TASK REQUIREMENTS: With the pictures omitted, repeat exactly the lines below starting with the line that has "105 Pirates Drive, Key" and going on through the line that has "Casa adosada en".

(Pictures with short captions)
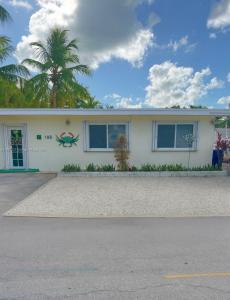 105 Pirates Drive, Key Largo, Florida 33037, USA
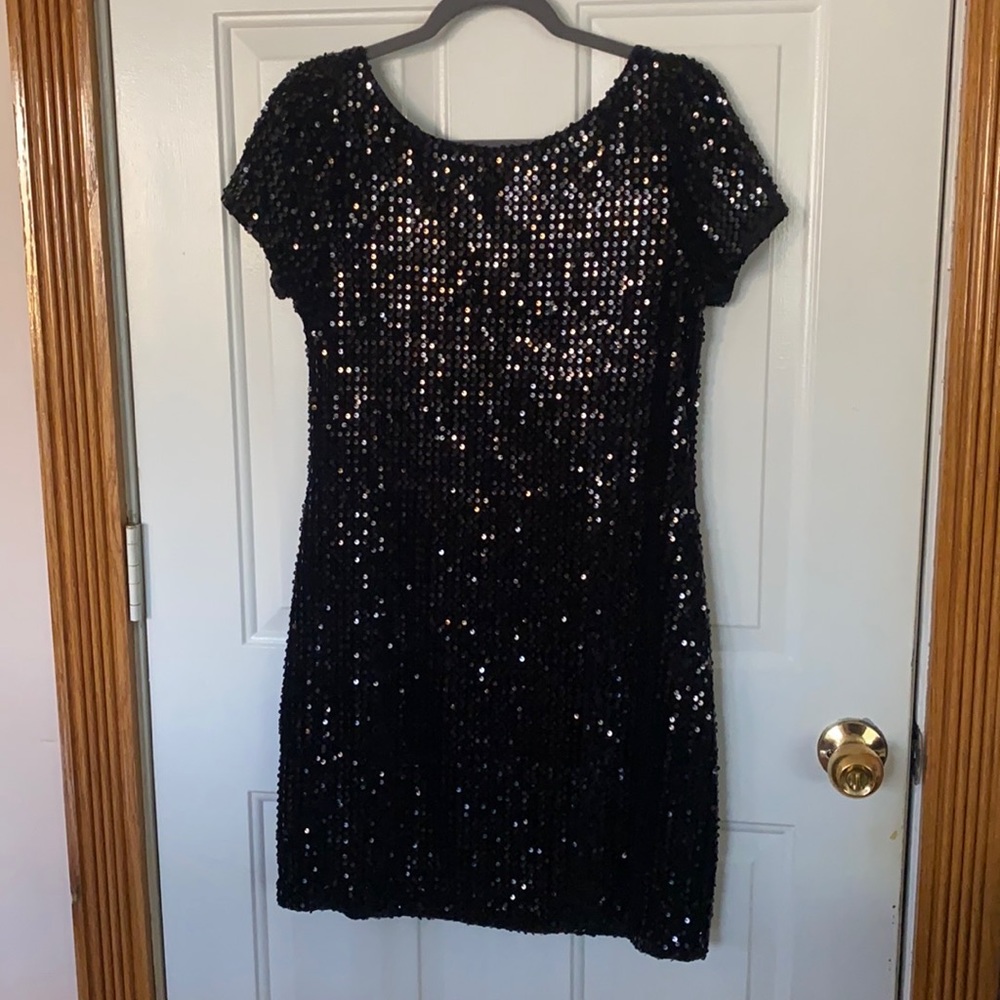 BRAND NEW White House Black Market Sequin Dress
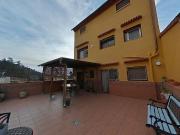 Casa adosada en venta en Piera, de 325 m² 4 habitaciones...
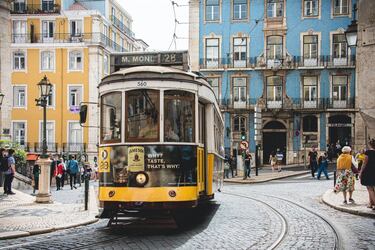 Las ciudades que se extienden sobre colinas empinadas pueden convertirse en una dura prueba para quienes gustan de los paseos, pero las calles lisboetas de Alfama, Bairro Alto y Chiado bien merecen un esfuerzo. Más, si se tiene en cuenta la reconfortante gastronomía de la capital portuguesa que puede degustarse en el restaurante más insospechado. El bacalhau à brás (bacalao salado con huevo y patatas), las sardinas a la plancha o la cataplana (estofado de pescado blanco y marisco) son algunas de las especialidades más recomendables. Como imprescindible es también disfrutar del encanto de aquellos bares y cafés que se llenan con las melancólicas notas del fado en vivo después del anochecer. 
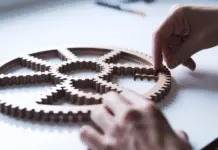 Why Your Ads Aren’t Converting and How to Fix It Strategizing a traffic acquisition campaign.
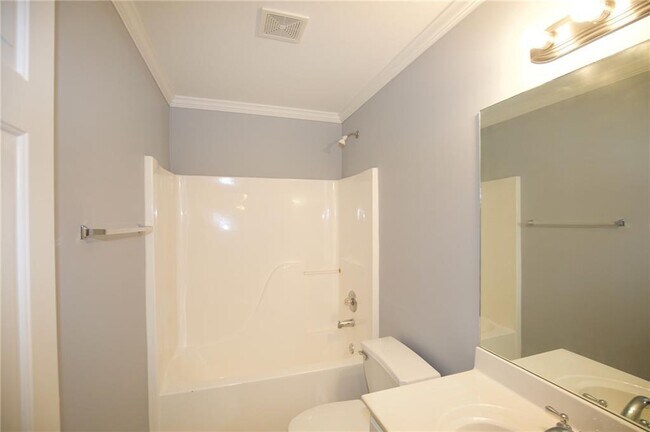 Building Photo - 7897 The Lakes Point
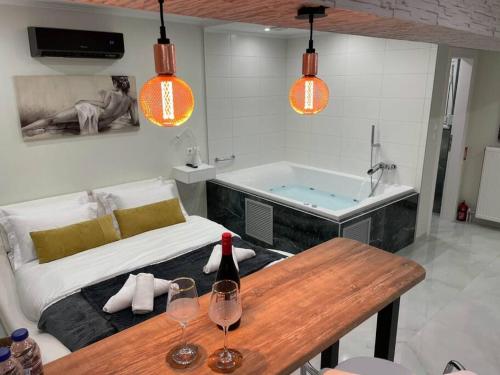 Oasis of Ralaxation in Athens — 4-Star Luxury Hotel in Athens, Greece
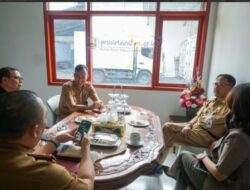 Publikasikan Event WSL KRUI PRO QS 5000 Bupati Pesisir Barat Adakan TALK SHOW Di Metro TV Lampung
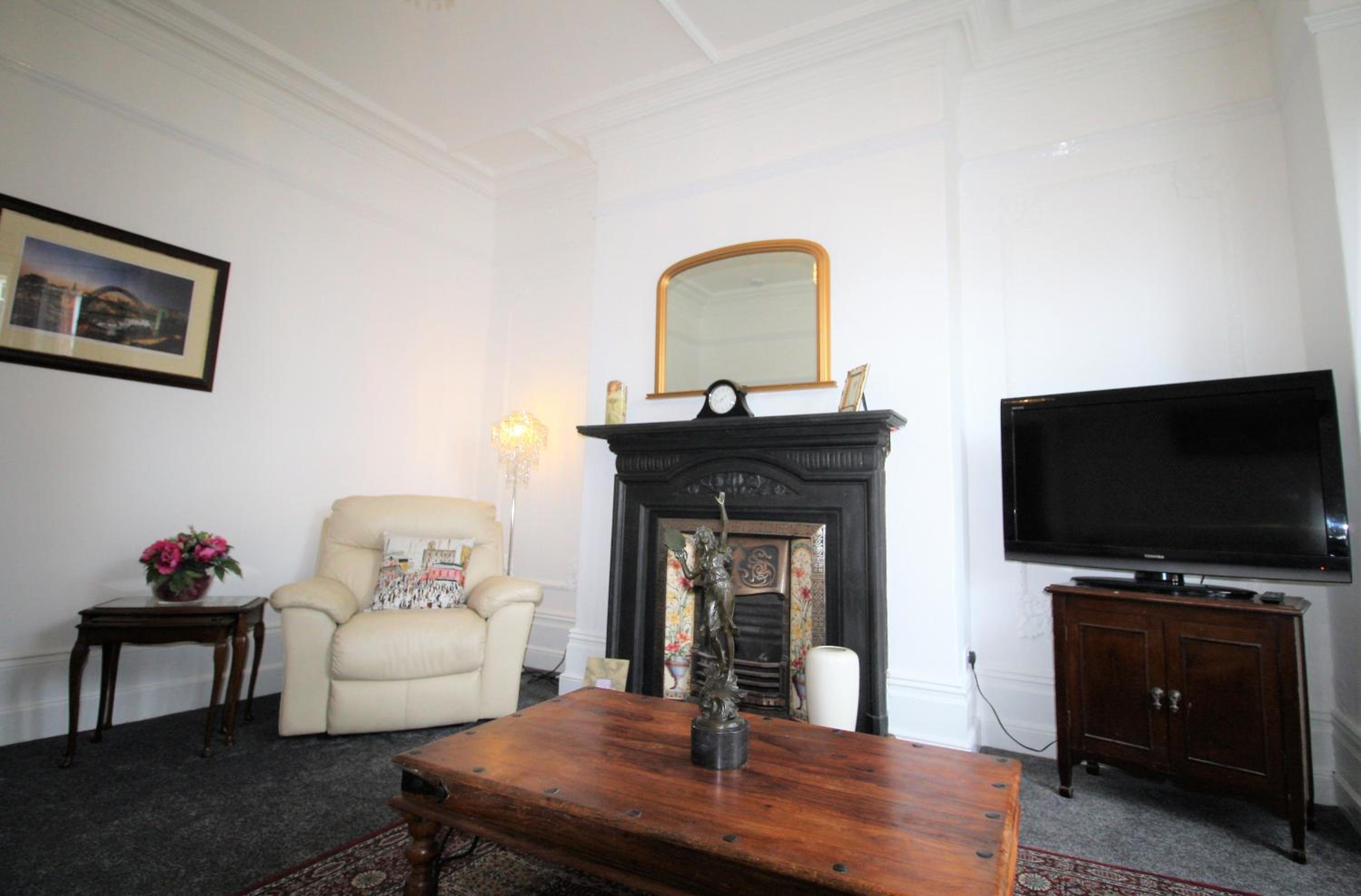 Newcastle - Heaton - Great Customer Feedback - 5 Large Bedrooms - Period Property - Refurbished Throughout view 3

==

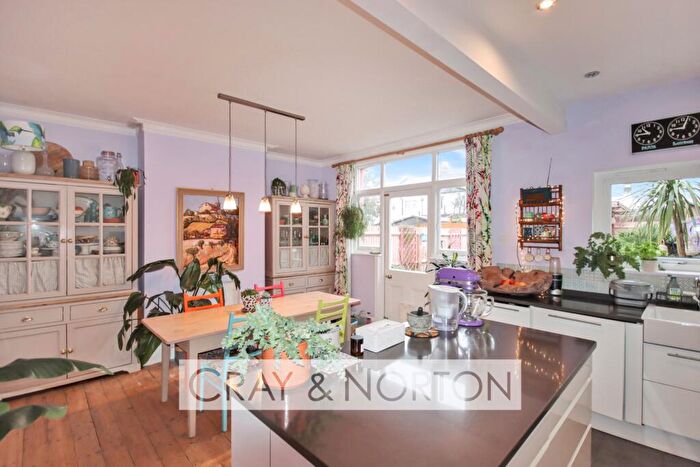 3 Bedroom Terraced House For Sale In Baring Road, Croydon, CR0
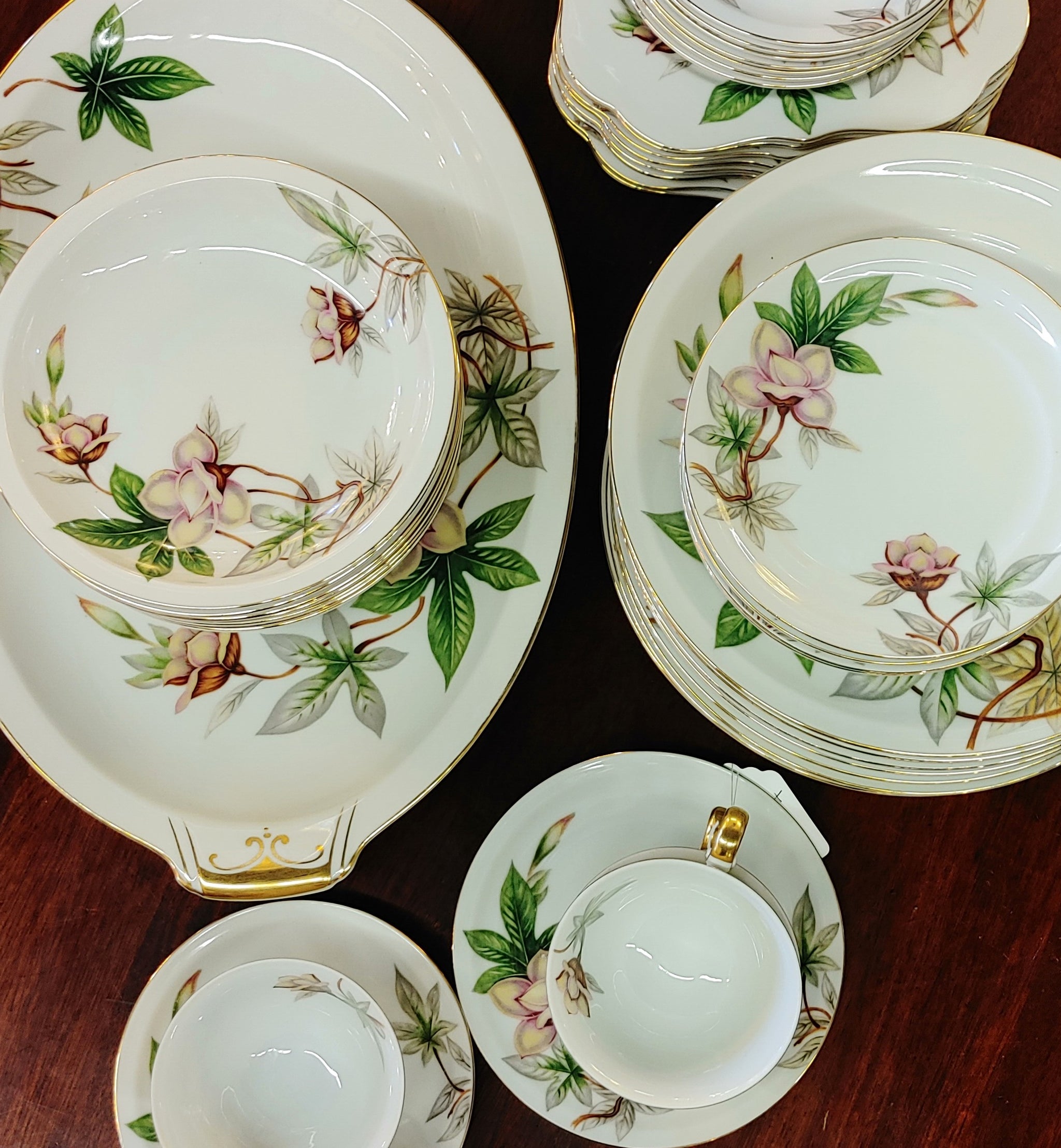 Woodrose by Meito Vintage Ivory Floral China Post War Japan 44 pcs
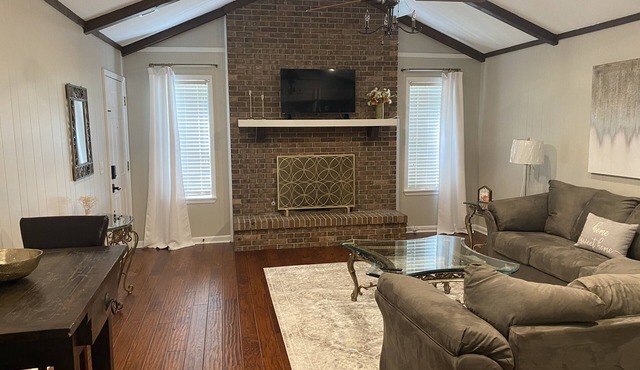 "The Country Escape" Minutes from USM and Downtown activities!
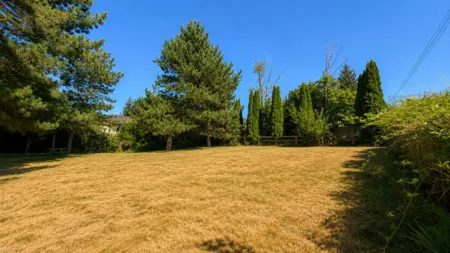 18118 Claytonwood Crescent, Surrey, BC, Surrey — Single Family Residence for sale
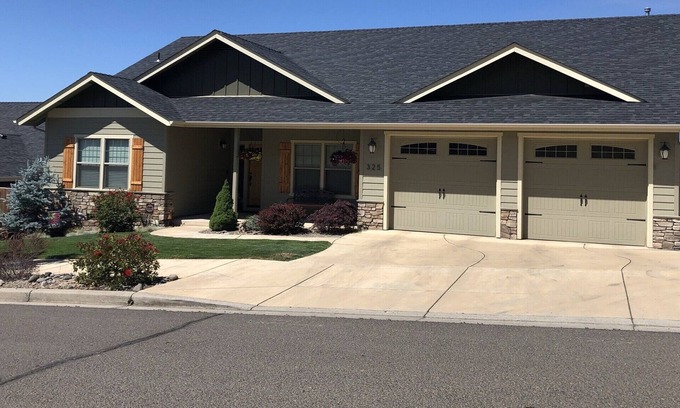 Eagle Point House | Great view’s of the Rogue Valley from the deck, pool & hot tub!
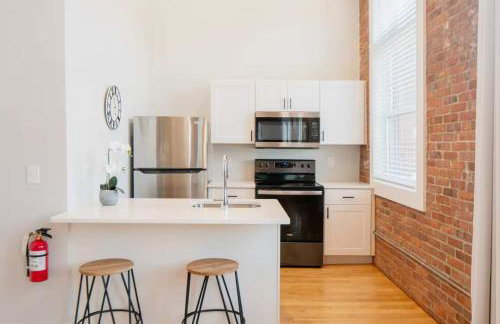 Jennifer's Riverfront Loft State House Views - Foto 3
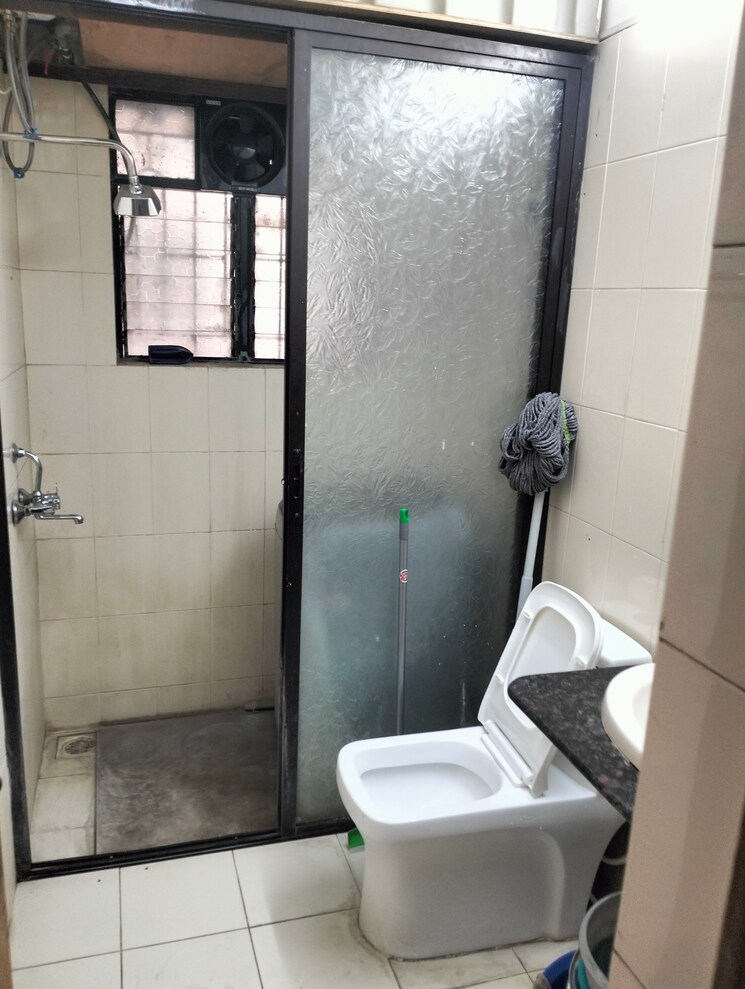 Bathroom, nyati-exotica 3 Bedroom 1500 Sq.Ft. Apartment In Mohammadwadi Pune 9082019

OUTPUT FOR THIS TASK:
 105 Pirates Drive, Key Largo, Florida 33037, USA
 BRAND NEW White House Black Market Sequin Dress
 Casa adosada en venta en Piera, de 325 m² 4 habitaciones...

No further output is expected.